◆ Exercise ◆
Would you please output, word for word, the span of the listing below that opens on the line containing "外贸人年底复盘：这一年你做对了什么？做错了什么？" and closes on the line containing "ceny materiałów budowlanych"? Include both ends and nothing more.
* * *
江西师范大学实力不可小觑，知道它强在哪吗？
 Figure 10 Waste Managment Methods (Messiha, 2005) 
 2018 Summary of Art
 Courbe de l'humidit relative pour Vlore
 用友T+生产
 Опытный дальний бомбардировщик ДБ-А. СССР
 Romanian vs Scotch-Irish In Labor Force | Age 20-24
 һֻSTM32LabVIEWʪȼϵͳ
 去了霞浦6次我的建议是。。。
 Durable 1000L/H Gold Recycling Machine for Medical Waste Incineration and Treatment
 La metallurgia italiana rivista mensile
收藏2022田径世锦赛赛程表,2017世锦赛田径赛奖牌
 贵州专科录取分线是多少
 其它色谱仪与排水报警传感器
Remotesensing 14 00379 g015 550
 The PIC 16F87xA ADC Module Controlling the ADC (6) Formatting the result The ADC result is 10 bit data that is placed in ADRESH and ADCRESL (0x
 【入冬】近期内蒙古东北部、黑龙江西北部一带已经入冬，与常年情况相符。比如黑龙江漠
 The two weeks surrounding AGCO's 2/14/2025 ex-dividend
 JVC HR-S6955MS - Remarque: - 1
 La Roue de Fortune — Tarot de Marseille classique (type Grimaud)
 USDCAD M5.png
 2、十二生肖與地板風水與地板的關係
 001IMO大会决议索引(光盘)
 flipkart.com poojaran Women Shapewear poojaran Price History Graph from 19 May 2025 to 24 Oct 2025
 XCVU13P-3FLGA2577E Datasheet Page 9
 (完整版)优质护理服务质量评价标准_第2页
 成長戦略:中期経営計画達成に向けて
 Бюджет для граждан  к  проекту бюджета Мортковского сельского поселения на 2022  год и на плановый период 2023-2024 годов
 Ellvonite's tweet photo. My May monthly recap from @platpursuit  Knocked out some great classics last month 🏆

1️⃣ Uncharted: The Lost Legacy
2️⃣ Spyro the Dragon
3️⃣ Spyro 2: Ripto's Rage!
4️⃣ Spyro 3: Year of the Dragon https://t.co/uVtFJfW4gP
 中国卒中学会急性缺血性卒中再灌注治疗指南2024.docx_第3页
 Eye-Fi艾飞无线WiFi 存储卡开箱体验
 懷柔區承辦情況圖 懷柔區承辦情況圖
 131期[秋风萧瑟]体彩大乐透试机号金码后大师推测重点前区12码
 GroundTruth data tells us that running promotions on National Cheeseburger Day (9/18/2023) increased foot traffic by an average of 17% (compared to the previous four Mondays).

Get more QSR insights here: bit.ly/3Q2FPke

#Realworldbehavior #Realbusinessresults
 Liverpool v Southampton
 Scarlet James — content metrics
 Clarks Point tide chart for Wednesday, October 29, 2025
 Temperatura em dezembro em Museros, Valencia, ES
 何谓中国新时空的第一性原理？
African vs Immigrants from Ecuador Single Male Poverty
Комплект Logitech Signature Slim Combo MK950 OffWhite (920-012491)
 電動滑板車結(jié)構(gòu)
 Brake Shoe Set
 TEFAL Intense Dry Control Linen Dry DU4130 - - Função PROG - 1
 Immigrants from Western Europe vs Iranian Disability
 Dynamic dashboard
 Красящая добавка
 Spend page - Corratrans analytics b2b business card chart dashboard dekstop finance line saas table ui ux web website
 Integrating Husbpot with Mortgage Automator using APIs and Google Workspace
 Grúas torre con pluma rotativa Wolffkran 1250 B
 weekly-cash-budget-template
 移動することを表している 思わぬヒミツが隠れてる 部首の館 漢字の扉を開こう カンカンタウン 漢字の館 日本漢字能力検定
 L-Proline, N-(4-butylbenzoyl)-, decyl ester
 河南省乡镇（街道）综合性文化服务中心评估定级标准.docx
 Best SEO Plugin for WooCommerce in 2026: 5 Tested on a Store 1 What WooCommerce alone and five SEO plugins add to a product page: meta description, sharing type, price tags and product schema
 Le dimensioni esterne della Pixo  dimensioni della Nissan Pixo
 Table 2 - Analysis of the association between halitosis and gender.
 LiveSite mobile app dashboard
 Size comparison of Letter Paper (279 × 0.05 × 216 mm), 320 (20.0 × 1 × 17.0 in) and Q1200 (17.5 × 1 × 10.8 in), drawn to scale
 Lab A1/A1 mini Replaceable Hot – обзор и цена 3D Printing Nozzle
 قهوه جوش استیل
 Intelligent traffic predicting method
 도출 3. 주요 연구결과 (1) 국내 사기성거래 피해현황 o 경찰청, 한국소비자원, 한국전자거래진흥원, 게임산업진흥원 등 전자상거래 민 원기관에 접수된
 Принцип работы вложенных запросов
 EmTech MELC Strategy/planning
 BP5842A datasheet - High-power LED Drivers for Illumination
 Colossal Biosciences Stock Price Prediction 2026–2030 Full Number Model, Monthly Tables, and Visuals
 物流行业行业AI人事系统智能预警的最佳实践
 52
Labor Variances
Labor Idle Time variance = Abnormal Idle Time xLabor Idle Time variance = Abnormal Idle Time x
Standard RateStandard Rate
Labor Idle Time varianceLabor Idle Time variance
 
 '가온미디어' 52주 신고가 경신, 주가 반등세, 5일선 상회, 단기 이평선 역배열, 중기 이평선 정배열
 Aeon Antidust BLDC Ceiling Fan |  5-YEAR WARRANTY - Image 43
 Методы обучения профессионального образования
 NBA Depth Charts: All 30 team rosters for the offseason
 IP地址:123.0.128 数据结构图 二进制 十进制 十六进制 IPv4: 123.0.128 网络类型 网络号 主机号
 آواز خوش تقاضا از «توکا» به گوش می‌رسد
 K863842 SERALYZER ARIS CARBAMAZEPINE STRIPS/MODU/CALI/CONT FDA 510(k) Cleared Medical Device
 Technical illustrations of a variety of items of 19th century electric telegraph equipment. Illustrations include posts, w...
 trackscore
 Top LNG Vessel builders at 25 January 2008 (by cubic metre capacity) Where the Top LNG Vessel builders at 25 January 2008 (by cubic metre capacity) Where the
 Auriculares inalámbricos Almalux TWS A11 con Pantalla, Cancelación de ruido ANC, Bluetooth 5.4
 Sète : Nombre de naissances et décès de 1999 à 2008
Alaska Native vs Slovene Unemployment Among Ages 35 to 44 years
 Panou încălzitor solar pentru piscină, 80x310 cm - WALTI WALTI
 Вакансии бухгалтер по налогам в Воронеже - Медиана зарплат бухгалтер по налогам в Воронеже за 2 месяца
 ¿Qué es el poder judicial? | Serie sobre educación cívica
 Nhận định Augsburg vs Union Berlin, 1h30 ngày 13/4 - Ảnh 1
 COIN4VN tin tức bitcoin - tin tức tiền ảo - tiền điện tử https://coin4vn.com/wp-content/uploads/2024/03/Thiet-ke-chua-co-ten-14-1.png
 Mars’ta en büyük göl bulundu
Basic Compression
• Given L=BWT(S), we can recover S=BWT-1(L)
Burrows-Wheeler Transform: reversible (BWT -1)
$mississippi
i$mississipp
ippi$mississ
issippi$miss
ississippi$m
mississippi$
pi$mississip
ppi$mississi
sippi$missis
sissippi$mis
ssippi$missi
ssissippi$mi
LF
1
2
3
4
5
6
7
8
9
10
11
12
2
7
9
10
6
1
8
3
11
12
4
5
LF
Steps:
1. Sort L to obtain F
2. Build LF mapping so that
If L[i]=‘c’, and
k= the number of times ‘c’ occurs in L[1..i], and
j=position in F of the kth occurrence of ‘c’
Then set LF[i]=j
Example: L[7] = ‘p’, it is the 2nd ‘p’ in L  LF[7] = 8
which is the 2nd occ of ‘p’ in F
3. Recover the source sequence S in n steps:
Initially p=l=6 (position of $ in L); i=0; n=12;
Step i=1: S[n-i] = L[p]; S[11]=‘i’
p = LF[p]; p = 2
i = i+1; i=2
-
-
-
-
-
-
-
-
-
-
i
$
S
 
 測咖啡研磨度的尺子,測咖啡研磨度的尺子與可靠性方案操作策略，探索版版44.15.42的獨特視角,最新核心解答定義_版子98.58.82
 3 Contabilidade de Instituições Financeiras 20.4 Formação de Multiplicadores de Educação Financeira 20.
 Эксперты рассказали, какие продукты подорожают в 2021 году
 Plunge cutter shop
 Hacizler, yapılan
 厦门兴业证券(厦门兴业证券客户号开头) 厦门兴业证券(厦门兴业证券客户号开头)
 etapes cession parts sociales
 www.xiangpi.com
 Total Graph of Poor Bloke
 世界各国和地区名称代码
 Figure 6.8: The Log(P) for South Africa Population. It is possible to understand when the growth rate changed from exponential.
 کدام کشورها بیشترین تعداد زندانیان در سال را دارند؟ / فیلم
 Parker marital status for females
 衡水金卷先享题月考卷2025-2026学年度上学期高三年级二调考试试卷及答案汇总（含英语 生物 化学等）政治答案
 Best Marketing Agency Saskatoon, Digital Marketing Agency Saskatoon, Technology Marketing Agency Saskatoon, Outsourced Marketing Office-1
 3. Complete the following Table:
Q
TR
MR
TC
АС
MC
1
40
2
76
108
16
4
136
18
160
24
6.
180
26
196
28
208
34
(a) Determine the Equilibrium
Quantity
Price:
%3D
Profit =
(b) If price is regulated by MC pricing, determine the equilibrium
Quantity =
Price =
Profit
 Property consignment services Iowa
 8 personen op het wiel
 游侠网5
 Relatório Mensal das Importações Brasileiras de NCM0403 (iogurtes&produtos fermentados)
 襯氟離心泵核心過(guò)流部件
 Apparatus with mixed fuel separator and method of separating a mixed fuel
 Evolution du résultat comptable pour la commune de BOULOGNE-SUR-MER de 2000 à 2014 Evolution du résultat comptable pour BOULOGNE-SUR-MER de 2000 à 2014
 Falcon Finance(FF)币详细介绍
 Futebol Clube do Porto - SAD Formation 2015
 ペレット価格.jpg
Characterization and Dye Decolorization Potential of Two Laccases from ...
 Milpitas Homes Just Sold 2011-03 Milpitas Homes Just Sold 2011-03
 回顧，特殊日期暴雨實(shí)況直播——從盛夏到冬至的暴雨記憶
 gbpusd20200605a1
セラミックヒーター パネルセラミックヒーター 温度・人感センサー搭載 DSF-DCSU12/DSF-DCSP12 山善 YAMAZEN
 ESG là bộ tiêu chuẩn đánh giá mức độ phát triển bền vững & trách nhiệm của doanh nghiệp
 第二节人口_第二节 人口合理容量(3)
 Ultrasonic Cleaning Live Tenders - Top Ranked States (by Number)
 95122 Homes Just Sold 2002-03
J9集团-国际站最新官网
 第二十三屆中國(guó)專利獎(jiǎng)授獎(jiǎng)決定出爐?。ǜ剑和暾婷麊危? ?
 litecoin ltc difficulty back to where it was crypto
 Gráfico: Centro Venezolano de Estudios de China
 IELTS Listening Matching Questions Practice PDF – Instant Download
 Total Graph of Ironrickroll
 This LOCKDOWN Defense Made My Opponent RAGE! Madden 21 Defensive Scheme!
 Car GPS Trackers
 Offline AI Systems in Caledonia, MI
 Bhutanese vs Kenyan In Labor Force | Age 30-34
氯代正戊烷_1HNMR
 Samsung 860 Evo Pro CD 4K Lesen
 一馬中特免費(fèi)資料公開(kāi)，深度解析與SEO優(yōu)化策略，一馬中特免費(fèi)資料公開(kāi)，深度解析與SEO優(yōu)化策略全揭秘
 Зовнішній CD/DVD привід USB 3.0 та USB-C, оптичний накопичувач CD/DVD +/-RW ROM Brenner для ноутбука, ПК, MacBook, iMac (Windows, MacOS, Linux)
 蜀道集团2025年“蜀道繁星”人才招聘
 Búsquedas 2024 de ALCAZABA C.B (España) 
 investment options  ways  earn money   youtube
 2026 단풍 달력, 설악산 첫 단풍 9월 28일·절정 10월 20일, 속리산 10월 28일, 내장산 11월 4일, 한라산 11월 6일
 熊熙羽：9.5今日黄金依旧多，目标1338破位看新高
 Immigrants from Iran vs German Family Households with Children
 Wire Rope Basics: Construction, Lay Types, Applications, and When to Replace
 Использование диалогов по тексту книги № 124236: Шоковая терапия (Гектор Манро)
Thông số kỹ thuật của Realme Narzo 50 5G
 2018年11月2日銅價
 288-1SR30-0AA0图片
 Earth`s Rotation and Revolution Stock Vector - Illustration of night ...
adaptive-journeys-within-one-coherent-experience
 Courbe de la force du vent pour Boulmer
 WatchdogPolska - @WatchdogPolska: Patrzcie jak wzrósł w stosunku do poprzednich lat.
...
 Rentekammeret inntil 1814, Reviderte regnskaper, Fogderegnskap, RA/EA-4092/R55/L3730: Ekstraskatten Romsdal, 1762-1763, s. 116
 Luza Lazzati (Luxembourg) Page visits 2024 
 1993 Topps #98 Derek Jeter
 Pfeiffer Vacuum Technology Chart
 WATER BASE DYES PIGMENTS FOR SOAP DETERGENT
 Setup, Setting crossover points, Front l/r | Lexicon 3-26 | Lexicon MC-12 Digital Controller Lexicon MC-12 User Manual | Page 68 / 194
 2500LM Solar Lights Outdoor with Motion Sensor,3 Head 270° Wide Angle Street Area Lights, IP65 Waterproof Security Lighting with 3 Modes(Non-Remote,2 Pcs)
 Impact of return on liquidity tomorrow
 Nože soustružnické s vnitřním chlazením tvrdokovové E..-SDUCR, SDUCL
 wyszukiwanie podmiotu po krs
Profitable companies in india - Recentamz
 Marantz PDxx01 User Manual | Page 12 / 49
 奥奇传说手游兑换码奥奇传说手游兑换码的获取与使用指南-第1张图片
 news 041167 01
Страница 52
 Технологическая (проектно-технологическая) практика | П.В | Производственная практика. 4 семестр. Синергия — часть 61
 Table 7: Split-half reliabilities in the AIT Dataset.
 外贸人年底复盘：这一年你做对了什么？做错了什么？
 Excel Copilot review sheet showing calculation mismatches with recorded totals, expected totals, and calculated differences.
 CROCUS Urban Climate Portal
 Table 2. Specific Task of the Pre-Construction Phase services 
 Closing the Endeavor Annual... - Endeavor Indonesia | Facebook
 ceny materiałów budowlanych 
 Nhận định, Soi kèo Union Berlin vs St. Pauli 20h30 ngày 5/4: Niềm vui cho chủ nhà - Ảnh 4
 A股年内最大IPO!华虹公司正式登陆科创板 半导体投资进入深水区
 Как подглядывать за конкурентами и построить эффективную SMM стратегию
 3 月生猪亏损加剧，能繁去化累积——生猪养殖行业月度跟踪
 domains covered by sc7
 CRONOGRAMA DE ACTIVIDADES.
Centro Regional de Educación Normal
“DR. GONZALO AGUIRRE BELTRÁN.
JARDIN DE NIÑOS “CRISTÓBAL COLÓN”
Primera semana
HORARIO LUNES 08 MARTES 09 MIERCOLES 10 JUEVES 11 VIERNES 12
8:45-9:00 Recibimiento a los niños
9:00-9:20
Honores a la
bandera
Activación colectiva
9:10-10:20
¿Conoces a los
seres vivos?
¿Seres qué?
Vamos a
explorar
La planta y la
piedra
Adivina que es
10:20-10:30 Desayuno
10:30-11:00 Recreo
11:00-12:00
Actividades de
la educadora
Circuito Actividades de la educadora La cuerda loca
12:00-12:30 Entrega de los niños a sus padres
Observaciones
* * *
◆ Task response ◆
 外贸人年底复盘：这一年你做对了什么？做错了什么？
 Excel Copilot review sheet showing calculation mismatches with recorded totals, expected totals, and calculated differences.
 CROCUS Urban Climate Portal
 Table 2. Specific Task of the Pre-Construction Phase services 
 Closing the Endeavor Annual... - Endeavor Indonesia | Facebook
 ceny materiałów budowlanych 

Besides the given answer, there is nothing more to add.